53. Another factor which could influence the value of New-DERA may be the extent to which investors consider that Retained-DERA may in the future seek to extend its remit into the domain of the new company. The risk is real because the boundary between undertaking primary research (New-DERA's main role) and pulling together the strands of knowledge from such research (Retained-DERA's role) is ill-defined and permeable. On one side, New-DERA might seek to replicate and market some of the higher-value technology integration capabilities of Retained-DERA, while on the other Retained-DERA might seek to extend its activities into primary research to support its knowledge integration work. Such breaches of the watershed separating the two streams of activity might be more frequent and acute if MoD Integrated Project Teams are able to deal with both the public and private parts of the DERA organisation.[156] DERA's current chief executive told us that "there is actually something rather virtuous about duplication in science—having different researchers in broadly the same field operating, publishing their results, spinning ideas off each other."[157] Duplication of knowledge and expertise between New-DERA and Retained-DERA may be desirable in an ideal world, but it comes at a cost which the MoD will ultimately have to pay. Several of those submitting evidence to us pointed out the irony of the effective reversal of the policy of recent years which had sought to make research more efficient by rationalising the disparate research bodies in order to form the Defence Research Agency, and then DERA itself [158]. The IPMS believe it possible that the Defence Procurement Agency and even some commands might seek to re-grow a capability for research and, in particular, equipment evaluation.[159]

54. Under the Core Competence approach the MoD would, rightly, seek to position within Retained-DERA the systems assessment and knowledge integration tasks that better allow it to maintain the MoD's intelligent customer capability. These tasks tend to be the areas where expert judgement comes into play, and they add significant value to the raw scientific research upon which it is based. Systems integration work is likely to be the area with the highest added-value, and without it New-DERA may be regarded by potential investors as a less attractive organisation with lower potential. This is another example of the dilemma—whether to beef up Retained-DERA to meet stakeholders' concerns, or to beef up New-DERA to boost its value—which can never be resolved satisfactorily, and exemplifies clearly the risk of proceeding with this public-private partnership.

55. But New-DERA's flotation price is likely to be of only marginal significance for the MoD. With its budget already having been based on the assumption of the appropriation of £250 million from the flotation, and nothing more, the longer term value of the DERA deal for the MoD depends on the extent to which New-DERA's prices for its research outputs will fall, including the extent to which any efficiency improvements it achieves are shared with the MoD. Indeed, unless New-DERA can make additional efficiency improvements and generate third-party income to more than offset the new company's higher cost of servicing its capital, and can be forced to pass on the benefits to the MoD through competition, the MoD's funds spent with the firm will buy less research.
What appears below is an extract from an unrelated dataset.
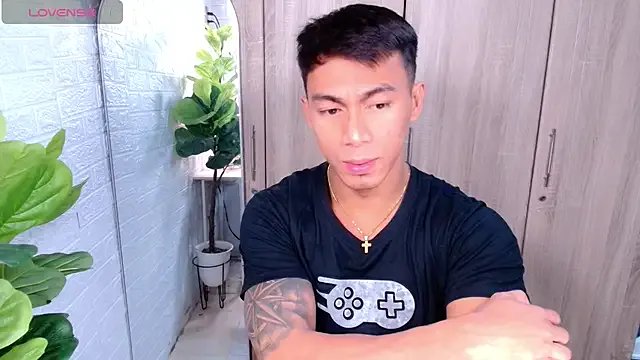 Freechat PinooyMilker on StripChat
If such benefits do not materialise, dealing with a private-sector DERA may put additional pressure on the MoD to raise its research budgets just to stand still.
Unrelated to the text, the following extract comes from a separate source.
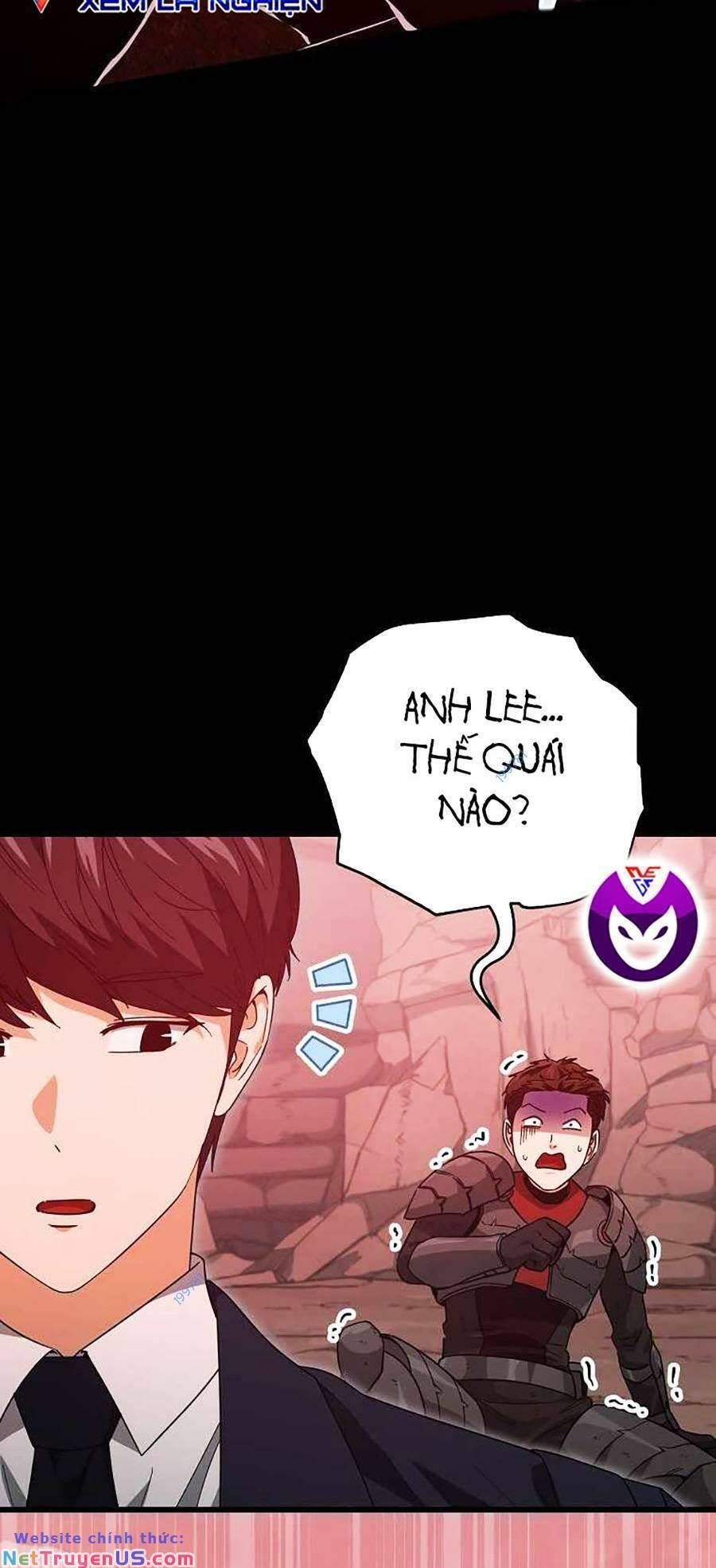 đọc truyện Bố Tôi Quá Mạnh Chương 149 ảnh 95 tại Thiên Thai Truyện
56. The assumption of falling costs arising from the disciplines of private enterprise and competition are therefore the only really substantial rationale for DERA's restructuring, and it is an assumption yet to be tested. Furthermore, such benefits will have to cover the substantial part of the flotation proceeds going to the Treasury if the sale is not to be an effective cut in the MoD's budget. This is because New-DERA will have to charge the MoD more for its research in order to cover the cost of the capital raised for New-DERA's acquisition. It could be argued that that in itself might not financially disadvantage the MoD if it were to receive the full sale proceeds, which could then be used to offset the higher research costs. The Treasury's take represents a cut from that otherwise neutral position.

57. Under the MoD's current proposals, New-DERA would be incorporated as a public limited company and floated on the Stock Market 'as soon as its potential is judged to be suitably developed, which could be during 2001, subject to value for money considerations and provided it has achieved appropriate performance targets.'[160] As an interim measure, the MoD intends to use 'strategic financial investors' to take up New-DERA shares following its incorporation,[161] as part of the flotation process.[162] The MoD is likely to retain initially a 'significant' financial stake in New-DERA, although retention of such a stake is not seen by the Department as a long term position (its 'special' shareholding, which need only be at a nominal level, would be kept for longer).[163]

58. The MoD aims to float New-DERA sufficient time after its incorporation to allow potential buyers to gain more confidence in the new company's value, and thereby bolster its flotation receipts for the Treasury (the MoD's share of the take being a fixed £250 million). This whole arrangement seems to us to set up an entirely unhealthy set of conflicts between the Exchequer and the MoD. The Minister told us that there had been "different strands of advice" over the relative merits of flotation and a private sale,[164] but that—

    The advice which we found most persuasive was that we should go for the plc and then flotation. We will want the New DERA obviously to have a track record to take to the market and we were advised that this was important and that, therefore, it was essential that the separation [between incorporation and flotation] takes place.[165]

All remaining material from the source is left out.